Reference no: EM132607352
UFCFHJ-15-M Information Security - University of the West of England
SECTION A
1. At your job interview for a senior information security position, a panel member asks you about your understanding of information security goals.
a) Stating any assumptions, briefly explain how two of the five pillars of Information Assurance: i.e. availability, integrity, authentication, confidentiality and non-repudiation, contribute to ensuring trust and integrity in information systems.
b) In information security terminology, outline what is meant by an adversary, risk, threat and vulnerability. Provide one example of each.
c) One of the interview panel members uses the terms computer security and information security interchangeably. Summarise how you would distinguish between each term. Give one example situation or scenario to illustrate each term.
2. The University was recently featured in the news headlines for all the wrong reasons. It had become the unhappy victim of a ransomware attack.
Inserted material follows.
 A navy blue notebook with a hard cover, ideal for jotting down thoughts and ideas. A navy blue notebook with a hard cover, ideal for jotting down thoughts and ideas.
a) Illustrate a typical exploit kit from the attacker's perspective.
b) From the viewpoint of a criminal perpetrator, develop an attack strategy to inject or insert and activate the ransomware into the University.
c) Summarise prevention and recovery approaches the University could adopt to defend itself against and mitigate damage from a ransomware attack.
3. The INFOSEC organisation cites the top five cyber vulnerabilities with the highest potential for catastrophic damage as being: injection vulnerabilities, buffer overflows, sensitive data exposure, broken authentication and session management and security misconfiguration.
a) Outline the characteristics of three of INFOSEC's cited cyber vulnerabilities, providing one example of each.
b) Assume that an organisation's defensive information security strategies are based upon Sun Tzu's The Art of War, i.e. they involve deception, frustration, resistance and recognition and recovery.
Explain one of The Art of War based defensive information security strategies. Illustrate your answer with a defensive example based upon one of the top five INFOSEC cited cyber vulnerabilities.
4. Your non-technical boss is clearly confused by information security terminology and identity management concepts. He reluctantly asks for an explanation in straightforward, non-technical terms.
a) When developing technical information security measures, identification and authentication are considered important concepts. Summarise both concepts and state why they matter to an organisation.
b) Considering authorisation, explain what is meant by the principle of least privilege. Provide one example of the principle being applied to support your answer.
c) Your boss accepts your further explanation that access control involves four basic tasks: allowing access, denying access, limiting access and revoking access. But, he doesn't understand the difference between the different types of access control.
Show what both logical access control and physical access control are, by giving one example of each type of access control.